* **Exercise**
Look through the data below for the line with "Mysterious silhouette of" and the line with "midi beach dresses", then output those two and all lines in between, exactly as written.

* **Extracted material**
______________________________

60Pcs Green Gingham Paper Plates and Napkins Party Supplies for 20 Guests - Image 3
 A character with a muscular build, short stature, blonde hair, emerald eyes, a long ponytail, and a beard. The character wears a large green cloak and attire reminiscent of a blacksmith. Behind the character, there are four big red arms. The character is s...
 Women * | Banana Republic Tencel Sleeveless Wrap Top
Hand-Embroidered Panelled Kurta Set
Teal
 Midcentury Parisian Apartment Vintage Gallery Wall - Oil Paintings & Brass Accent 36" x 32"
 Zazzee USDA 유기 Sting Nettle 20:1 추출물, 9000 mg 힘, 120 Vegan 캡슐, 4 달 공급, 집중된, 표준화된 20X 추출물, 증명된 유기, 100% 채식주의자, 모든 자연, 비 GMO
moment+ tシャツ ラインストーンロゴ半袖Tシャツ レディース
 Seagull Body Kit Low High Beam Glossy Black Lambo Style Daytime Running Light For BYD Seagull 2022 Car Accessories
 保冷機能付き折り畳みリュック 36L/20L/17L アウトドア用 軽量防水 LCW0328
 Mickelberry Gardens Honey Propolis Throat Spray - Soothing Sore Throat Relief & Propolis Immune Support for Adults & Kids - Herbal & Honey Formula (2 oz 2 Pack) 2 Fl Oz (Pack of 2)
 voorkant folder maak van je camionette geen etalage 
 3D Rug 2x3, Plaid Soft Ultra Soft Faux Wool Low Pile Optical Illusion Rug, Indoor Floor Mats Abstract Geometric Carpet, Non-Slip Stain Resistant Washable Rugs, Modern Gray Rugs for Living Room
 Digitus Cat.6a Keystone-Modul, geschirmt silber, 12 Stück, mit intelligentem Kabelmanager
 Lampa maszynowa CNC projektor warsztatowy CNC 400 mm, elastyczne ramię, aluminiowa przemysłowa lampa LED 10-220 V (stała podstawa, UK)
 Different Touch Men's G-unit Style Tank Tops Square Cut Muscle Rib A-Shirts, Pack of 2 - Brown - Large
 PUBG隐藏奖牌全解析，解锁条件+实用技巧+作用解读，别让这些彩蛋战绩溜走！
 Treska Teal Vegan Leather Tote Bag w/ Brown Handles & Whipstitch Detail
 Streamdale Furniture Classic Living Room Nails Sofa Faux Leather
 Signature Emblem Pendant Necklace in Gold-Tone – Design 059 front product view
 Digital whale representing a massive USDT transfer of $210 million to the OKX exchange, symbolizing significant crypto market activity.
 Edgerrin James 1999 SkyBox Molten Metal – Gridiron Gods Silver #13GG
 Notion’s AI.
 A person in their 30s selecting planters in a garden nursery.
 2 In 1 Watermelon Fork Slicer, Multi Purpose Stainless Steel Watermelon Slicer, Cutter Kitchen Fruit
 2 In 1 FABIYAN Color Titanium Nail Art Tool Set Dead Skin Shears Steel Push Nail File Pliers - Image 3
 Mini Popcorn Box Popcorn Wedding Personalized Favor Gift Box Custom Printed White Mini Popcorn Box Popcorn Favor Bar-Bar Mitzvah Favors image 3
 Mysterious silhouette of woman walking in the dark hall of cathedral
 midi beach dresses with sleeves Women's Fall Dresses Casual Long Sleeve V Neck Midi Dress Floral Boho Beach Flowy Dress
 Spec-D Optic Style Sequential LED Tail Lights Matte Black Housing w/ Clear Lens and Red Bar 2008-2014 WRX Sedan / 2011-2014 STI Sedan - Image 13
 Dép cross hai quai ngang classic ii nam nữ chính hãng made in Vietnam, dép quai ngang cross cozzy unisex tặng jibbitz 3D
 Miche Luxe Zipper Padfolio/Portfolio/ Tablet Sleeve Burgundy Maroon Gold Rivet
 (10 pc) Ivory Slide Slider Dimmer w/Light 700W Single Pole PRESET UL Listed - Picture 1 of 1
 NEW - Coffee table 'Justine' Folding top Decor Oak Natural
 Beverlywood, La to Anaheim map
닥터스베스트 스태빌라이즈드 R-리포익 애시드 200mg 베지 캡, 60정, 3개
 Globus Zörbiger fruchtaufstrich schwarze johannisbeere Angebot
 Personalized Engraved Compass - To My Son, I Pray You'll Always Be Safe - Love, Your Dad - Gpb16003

______________________________

* **Solution**
 Mysterious silhouette of woman walking in the dark hall of cathedral
 midi beach dresses with sleeves Women's Fall Dresses Casual Long Sleeve V Neck Midi Dress Floral Boho Beach Flowy Dress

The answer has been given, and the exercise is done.